The problem: Pictures within the data are to be left out; everything else must be reproduced exactly.

··· Data supplied ···

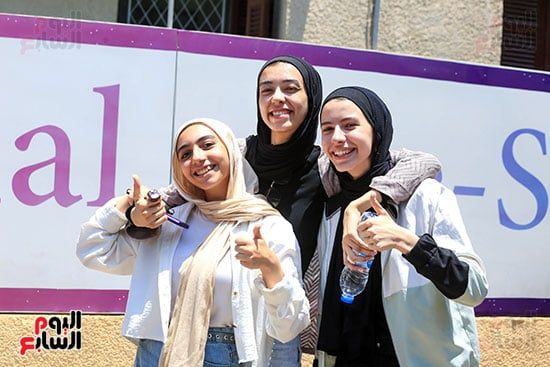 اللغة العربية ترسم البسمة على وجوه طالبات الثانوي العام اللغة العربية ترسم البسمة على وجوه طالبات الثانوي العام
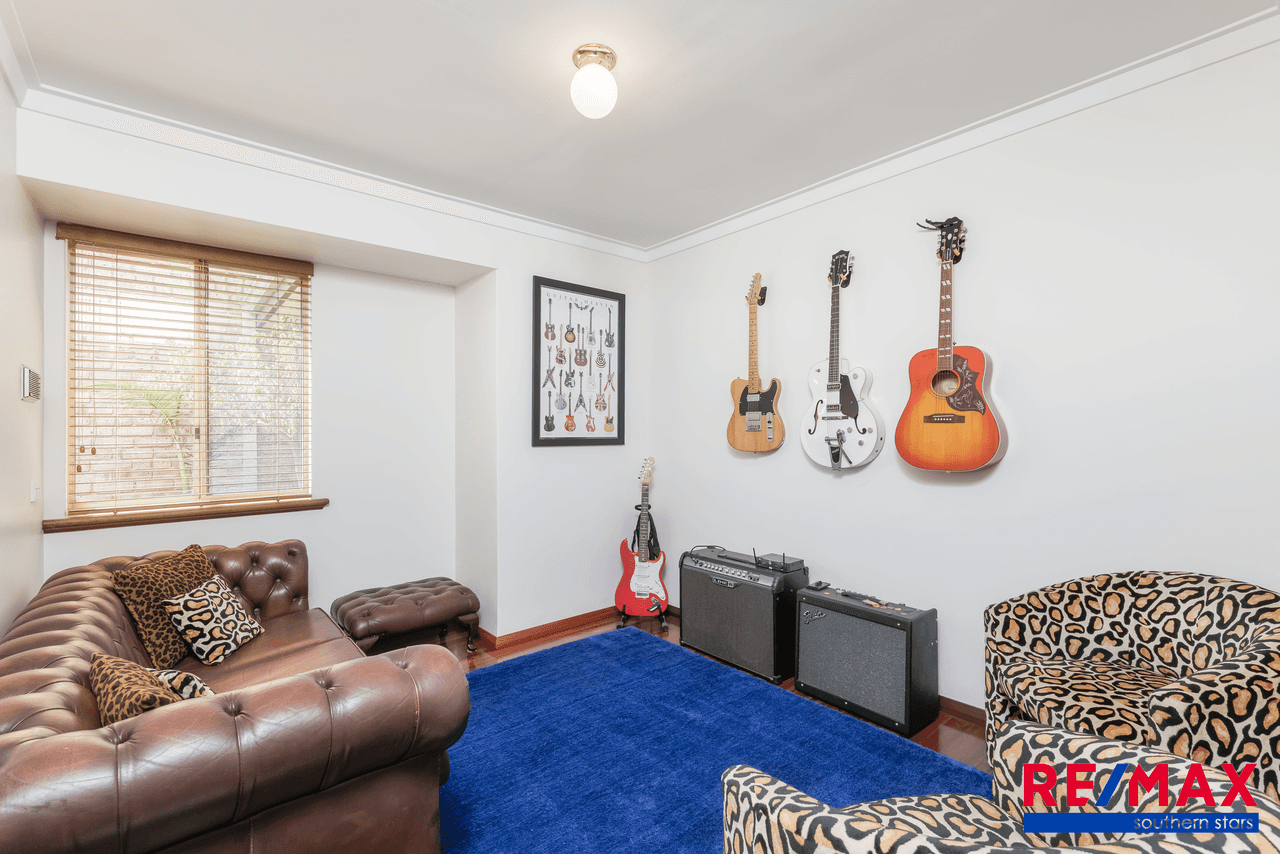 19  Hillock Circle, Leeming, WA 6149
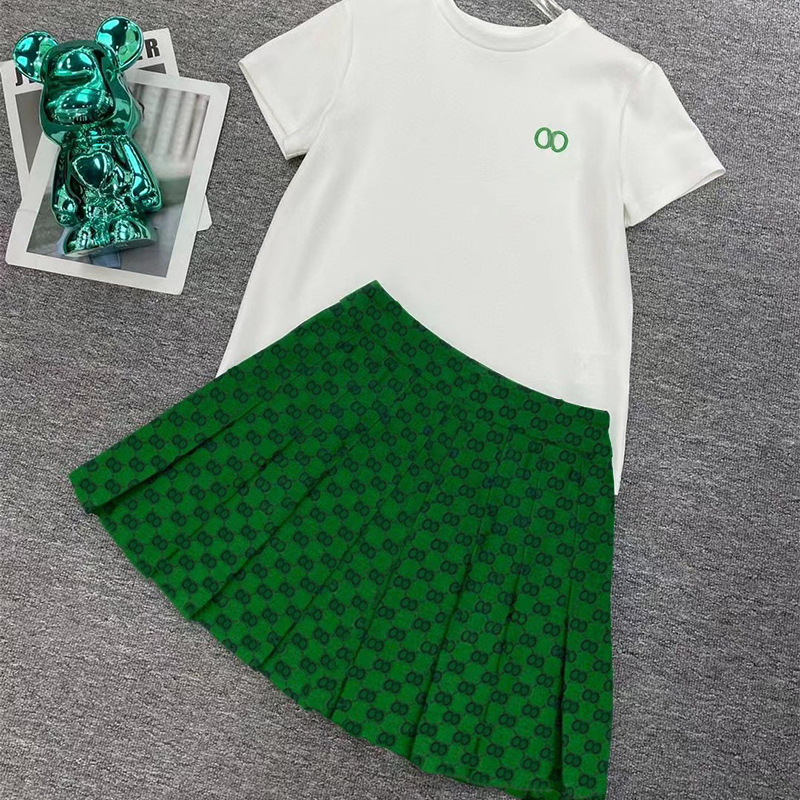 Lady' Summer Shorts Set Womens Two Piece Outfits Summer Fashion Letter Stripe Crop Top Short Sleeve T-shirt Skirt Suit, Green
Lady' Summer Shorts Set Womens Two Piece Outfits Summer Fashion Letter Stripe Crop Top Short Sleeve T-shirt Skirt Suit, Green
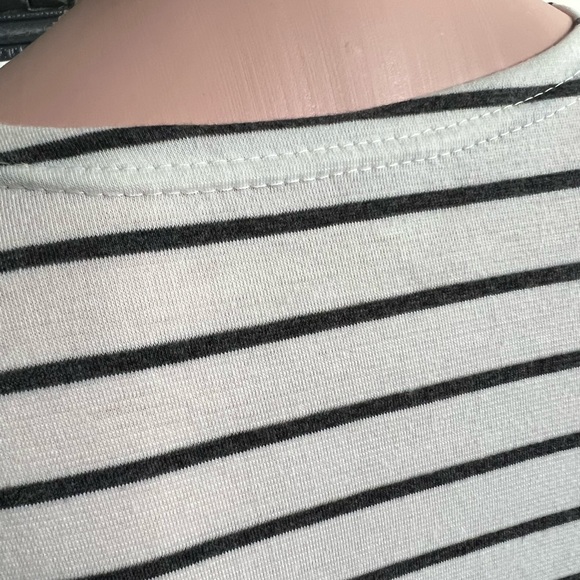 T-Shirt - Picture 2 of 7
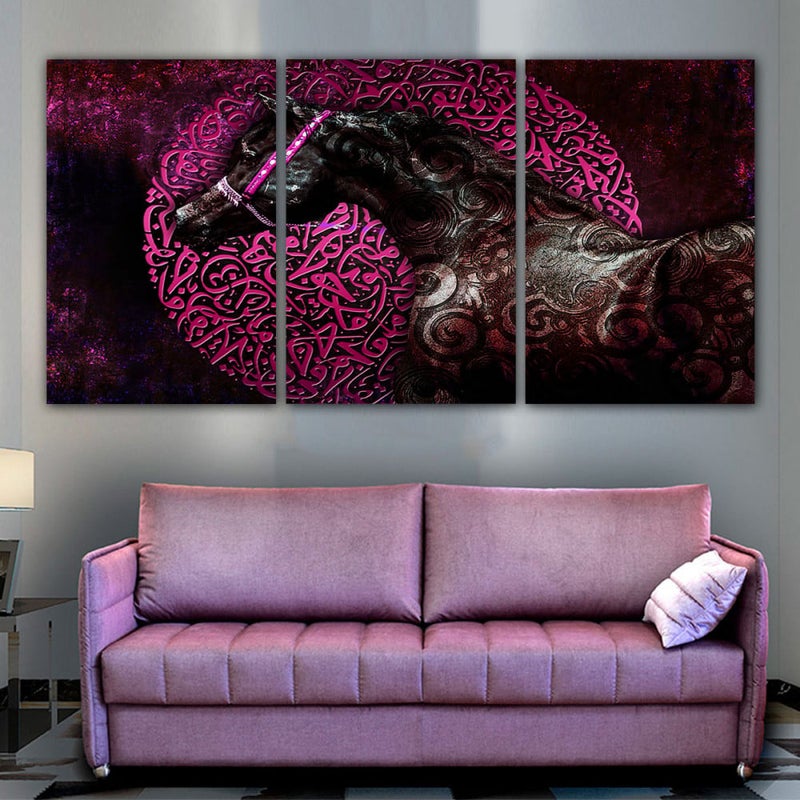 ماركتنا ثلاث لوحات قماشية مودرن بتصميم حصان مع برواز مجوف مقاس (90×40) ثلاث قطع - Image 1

···

Written answer:
 اللغة العربية ترسم البسمة على وجوه طالبات الثانوي العام اللغة العربية ترسم البسمة على وجوه طالبات الثانوي العام
 19  Hillock Circle, Leeming, WA 6149
 Lady' Summer Shorts Set Womens Two Piece Outfits Summer Fashion Letter Stripe Crop Top Short Sleeve T-shirt Skirt Suit, Green
Lady' Summer Shorts Set Womens Two Piece Outfits Summer Fashion Letter Stripe Crop Top Short Sleeve T-shirt Skirt Suit, Green
 T-Shirt - Picture 2 of 7
 ماركتنا ثلاث لوحات قماشية مودرن بتصميم حصان مع برواز مجوف مقاس (90×40) ثلاث قطع - Image 1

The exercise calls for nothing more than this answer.